Generation of Probabilistic Synthetic Data for Serious Games: A Case Study on Cyberbullying
Jaime Pérez, Mario Castro, Edmond Awad, Gregorio López
TL;DR
The paper addresses the need for synthetic data in serious games by proposing a modular simulator that generates probabilistic data for interactive narratives. It combines Bayesian Networks to inject external knowledge with an Item Response Theory–based decision model to simulate agent interactions, demonstrated on a cyberbullying game (RAYUELA). The authors show identifiability and robustness of the generated data through hierarchical Bayesian inference in a BN-informed, two-cluster risk framework, using a 665-person survey to calibrate the model and 500 synthetic players across 15 questions. The approach offers a scalable way to anticipate data modelling, improve privacy and fairness, and accelerate development of serious games while enabling clustering of players by risk propensity.

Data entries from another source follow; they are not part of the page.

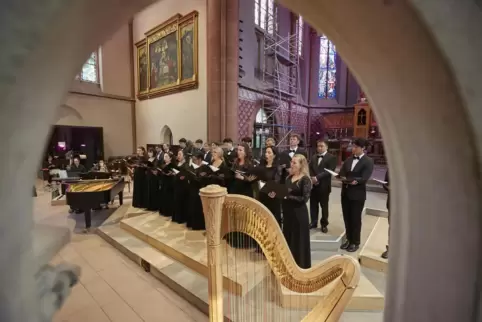 Der Chor des Pfalztheaters gab „szenen aus Opern, die in Kirchen spielen“ in der Marienkirche. 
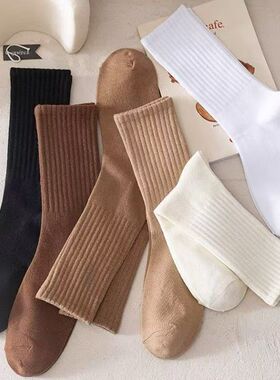 袜子女中筒百搭纯色春夏ins潮运动袜女简约夏季网红款日系长筒袜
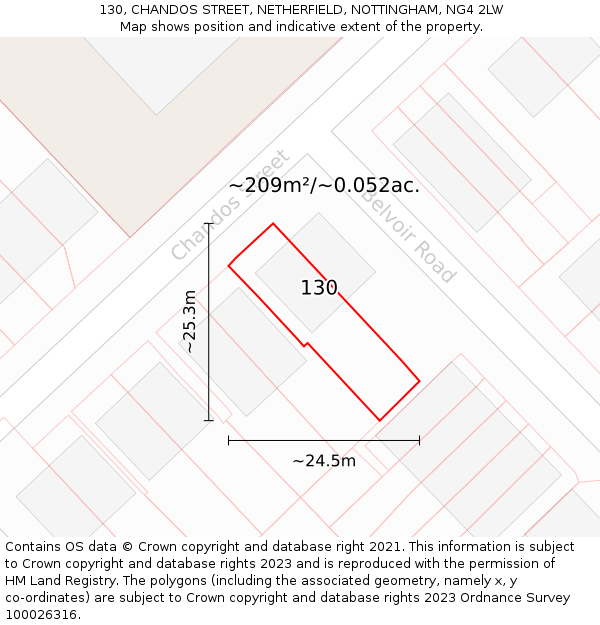 130, CHANDOS STREET, NETHERFIELD, NOTTINGHAM, NG4 2LW: Plot and title map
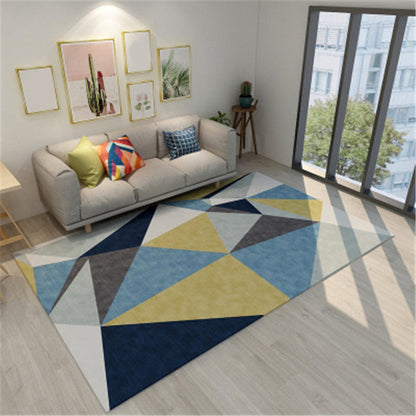 Modern Geometric Colorblock Rug Multi Colored Polypropylene Carpet Stain Resistant Anti-Slip Washable Rug for Room - Yellow-Blue - Clearhalo - 'Area Rug' - 'Rug' - 2121912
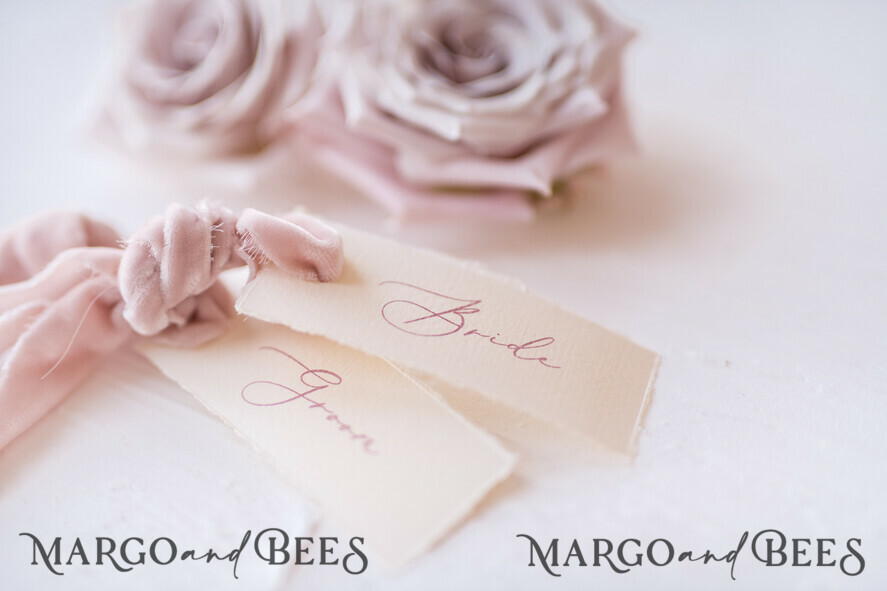 PLACE CARDS / TABLE CARDS Romantic Boho/ Botanical/ Floral Romantic Ivory Wedding Place Cards with Blush Pink Velvet Ribbon, Elegant Cards with Blush Pink Custom Wording, Minimalistic Name Tags, Decle-Edged Wedding Tags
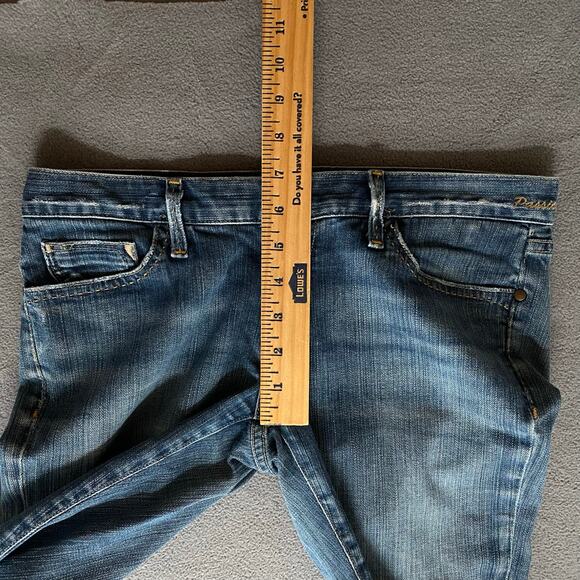 Vintage Y2K 00s Gold Sign Passion Low Rise Bootcut Flare Jean 28 Blue USA Made - Picture 9 of 16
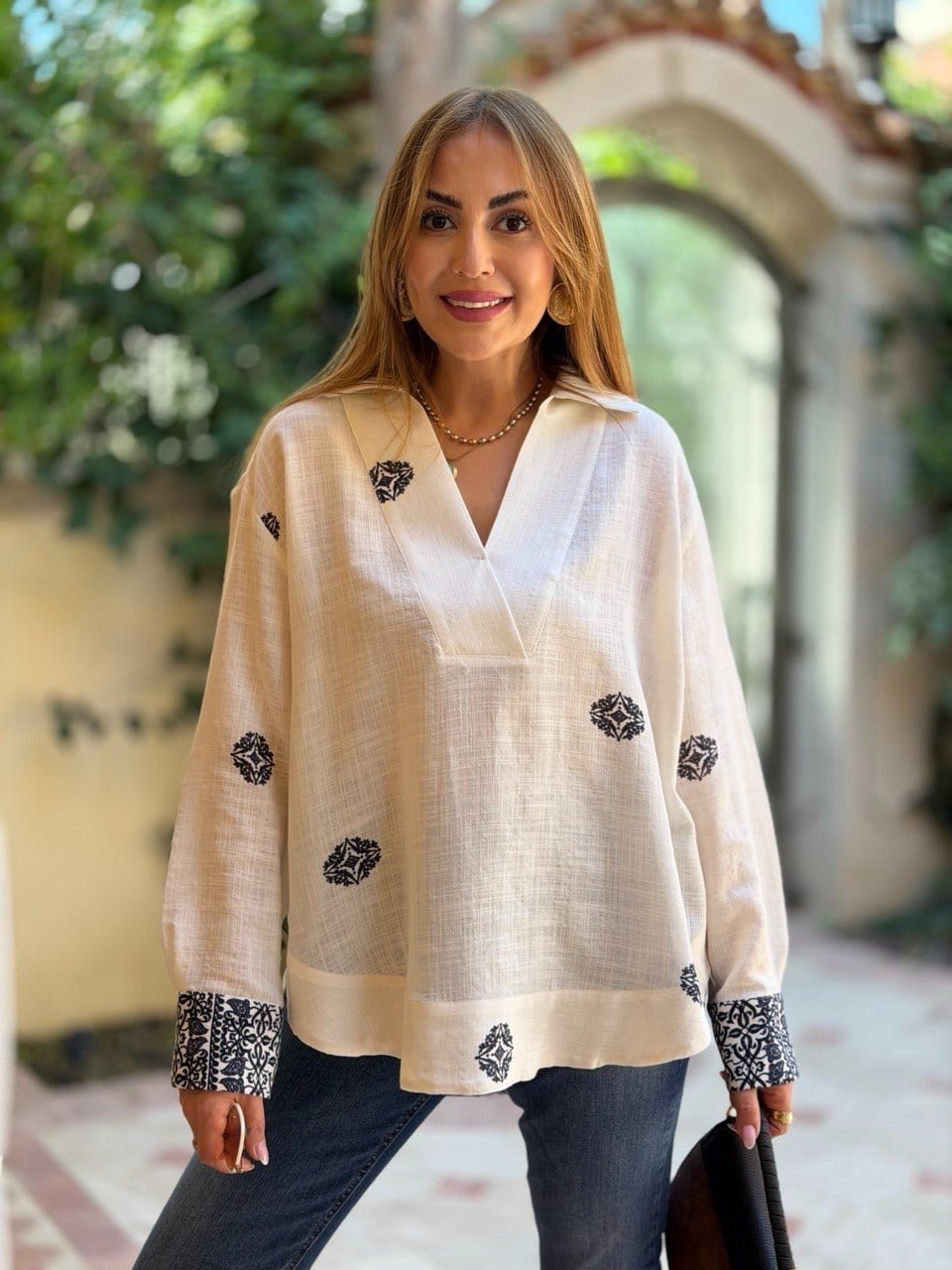 Blue Ethnic Patterned Off-White Bohemian Shirt - Image 3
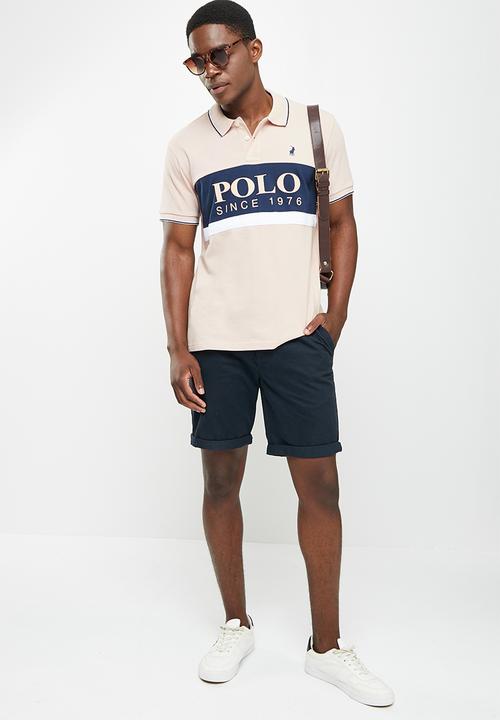 POLO - Men colour blocked logo golfer - pink
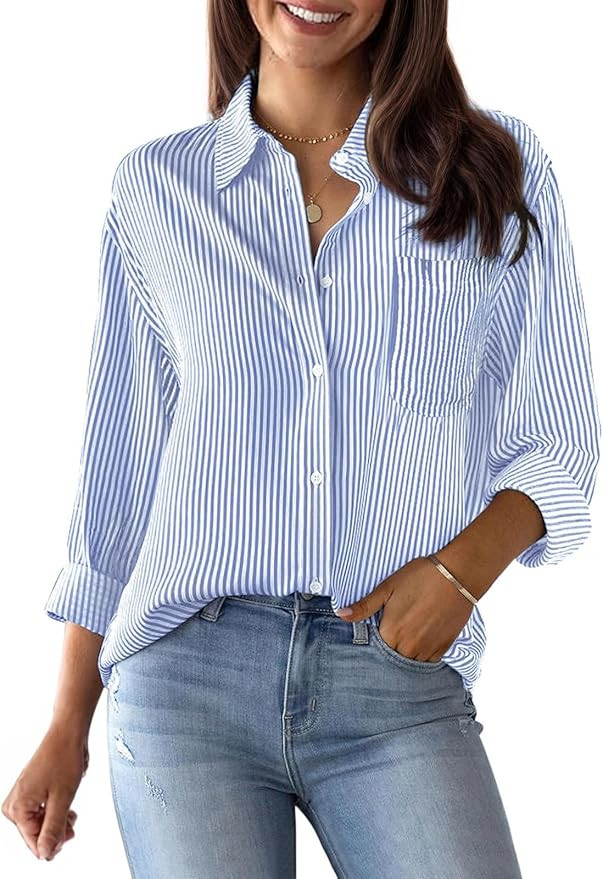 Womens Button Down Shirts Cotton Striped Dress Shirts Long Sleeve Button Up Collared Office Work ... | Amazon (US)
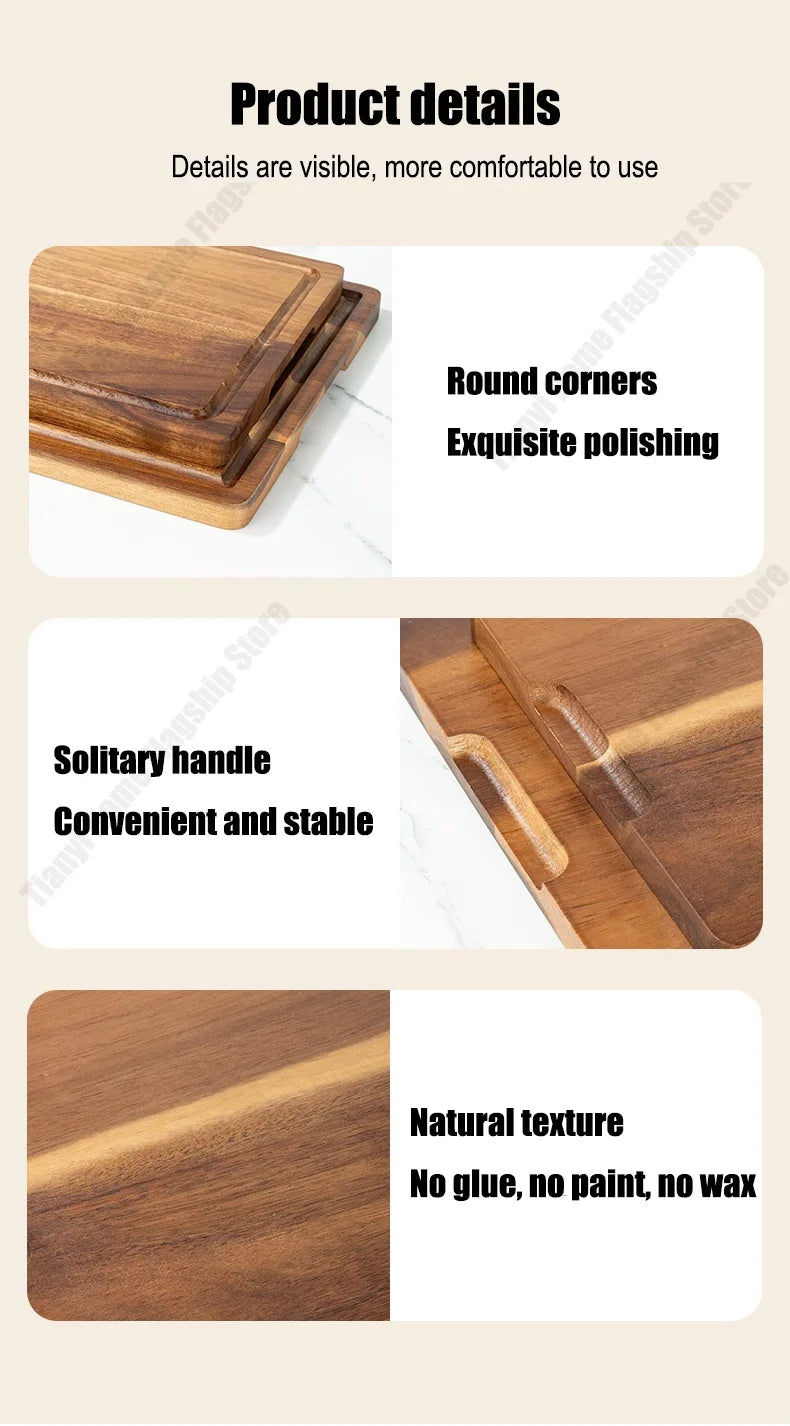 Acacia Wood Cutting Board Thickened Chopping Board Large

The work provides a concrete architecture and methodology that others can adapt to different serious-game domains and datasets, with potential for real-player validation in future work.
Abstract
Synthetic data generation has been a growing area of research in recent years. However, its potential applications in serious games have not been thoroughly explored. Advances in this field could anticipate data modelling and analysis, as well as speed up the development process. To try to fill this gap in the literature, we propose a simulator architecture for generating probabilistic synthetic data for serious games based on interactive narratives. This architecture is designed to be generic and modular so that it can be used by other researchers on similar problems. To simulate the interaction of synthetic players with questions, we use a cognitive testing model based on the Item Response Theory framework. We also show how probabilistic graphical models (in particular Bayesian networks) can be used to introduce expert knowledge and external data into the simulation. Finally, we apply the proposed architecture and methods in a use case of a serious game focused on cyberbullying. We perform Bayesian inference experiments using a hierarchical model to demonstrate the identifiability and robustness of the generated data.